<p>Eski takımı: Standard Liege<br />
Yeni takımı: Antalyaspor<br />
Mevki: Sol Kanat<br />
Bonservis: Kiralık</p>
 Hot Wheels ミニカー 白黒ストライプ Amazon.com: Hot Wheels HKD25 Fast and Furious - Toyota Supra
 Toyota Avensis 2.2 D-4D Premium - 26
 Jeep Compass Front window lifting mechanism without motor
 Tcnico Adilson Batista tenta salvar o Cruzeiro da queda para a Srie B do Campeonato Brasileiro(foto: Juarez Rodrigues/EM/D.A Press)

▬▬▬

▶ Exercise goal: All the lines of the material above must be given again exactly.

▶ Reply to the task:
<p>Eski takımı: Standard Liege<br />
Yeni takımı: Antalyaspor<br />
Mevki: Sol Kanat<br />
Bonservis: Kiralık</p>
 Hot Wheels ミニカー 白黒ストライプ Amazon.com: Hot Wheels HKD25 Fast and Furious - Toyota Supra
 Toyota Avensis 2.2 D-4D Premium - 26
 Jeep Compass Front window lifting mechanism without motor
 Tcnico Adilson Batista tenta salvar o Cruzeiro da queda para a Srie B do Campeonato Brasileiro(foto: Juarez Rodrigues/EM/D.A Press)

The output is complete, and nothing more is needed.